Artık sense'ün İngilizce içindeki anlamı hakkında daha fazla bilgi sahibi olduğunuza göre, seçilen örnekler aracılığıyla bunların nasıl kullanılacağını ve nasıl yapılacağını öğrenebilirsiniz. onları okuyun. Ve önerdiğimiz ilgili kelimeleri öğrenmeyi unutmayın. Web sitemiz sürekli olarak yeni kelimeler ve yeni örneklerle güncellenmektedir, böylece bilmediğiniz diğer kelimelerin anlamlarını İngilizce içinde arayabilirsiniz.
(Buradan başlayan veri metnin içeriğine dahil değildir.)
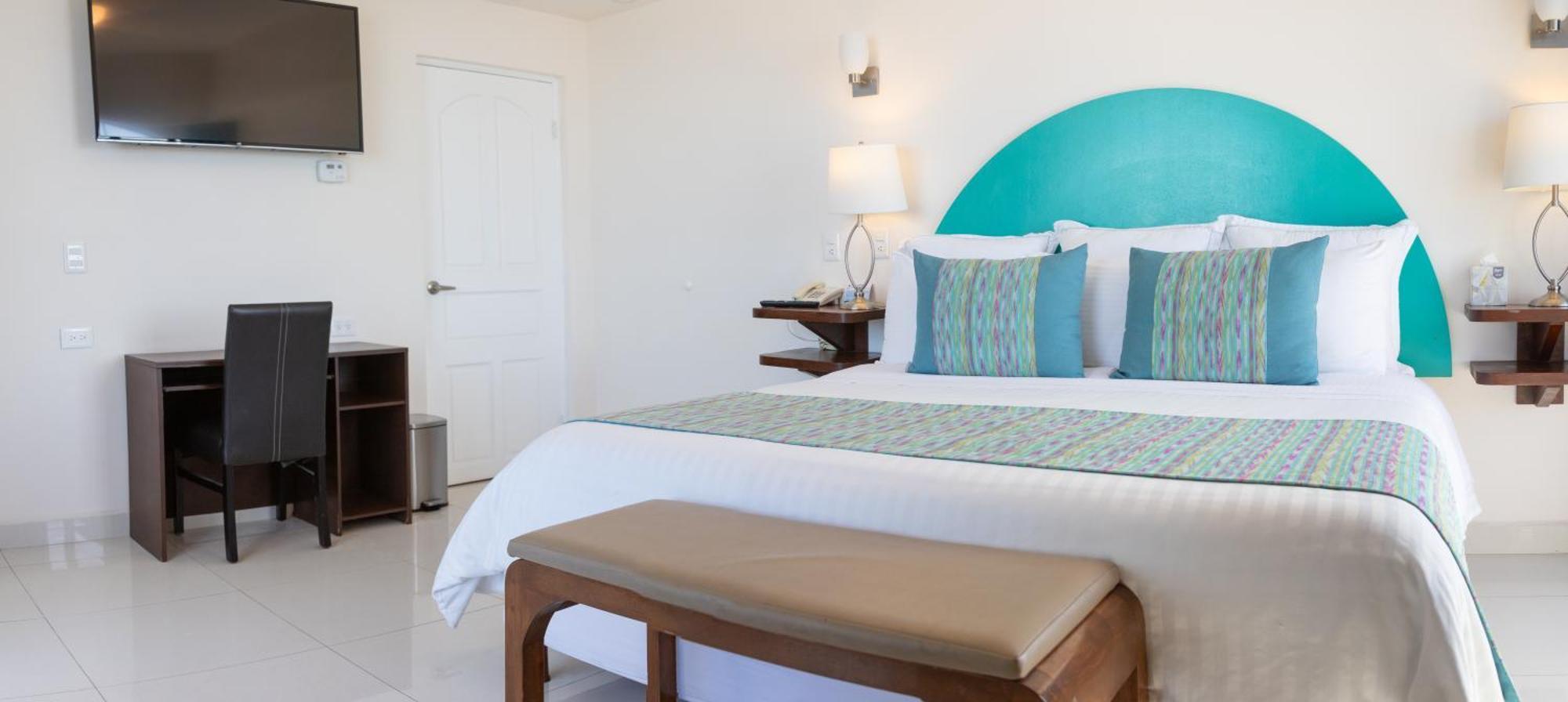 The Westmarine Waterfront Hotel ラパス エクステリア 写真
sense ile ilgili kelimeler

İngilizce hakkında bilginiz var mı

İngilizce, İngiltere'ye göç eden ve 1400 yılı aşkın bir süre içinde gelişen Germen kabilelerinden gelmektedir. İngilizce, Çince ve İspanyolca'dan sonra dünyada en çok konuşulan üçüncü dildir. En çok öğrenilen ikinci dildir. ve yaklaşık 60 egemen ülkenin resmi dilidir.Bu dil, ikinci ve yabancı dil olarak anadili konuşanlardan daha fazla sayıda konuşmacıya sahiptir.İngilizce aynı zamanda Birleşmiş Milletler, Avrupa Birliği ve diğer birçok uluslararası kuruluşun ortak resmi dilidir. ve bölgesel organizasyonlar. Günümüzde dünyanın her yerindeki İngilizce konuşanlar nispeten kolaylıkla iletişim kurabiliyor.